─── Input for this task ───
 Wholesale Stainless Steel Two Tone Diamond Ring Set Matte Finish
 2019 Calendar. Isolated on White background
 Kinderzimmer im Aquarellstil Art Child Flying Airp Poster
───
─── Input for this task ───
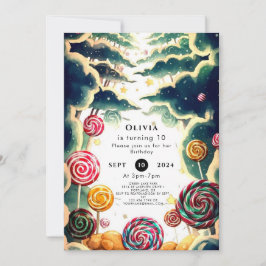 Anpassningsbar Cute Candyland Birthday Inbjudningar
───
**The problem**
Nothing should appear in the answer except the lines above from the line with "Wholesale Stainless Steel" through the line with "Kinderzimmer im Aquarellstil", both included, written out exactly.

**Your response**
 Wholesale Stainless Steel Two Tone Diamond Ring Set Matte Finish
 2019 Calendar. Isolated on White background
 Kinderzimmer im Aquarellstil Art Child Flying Airp Poster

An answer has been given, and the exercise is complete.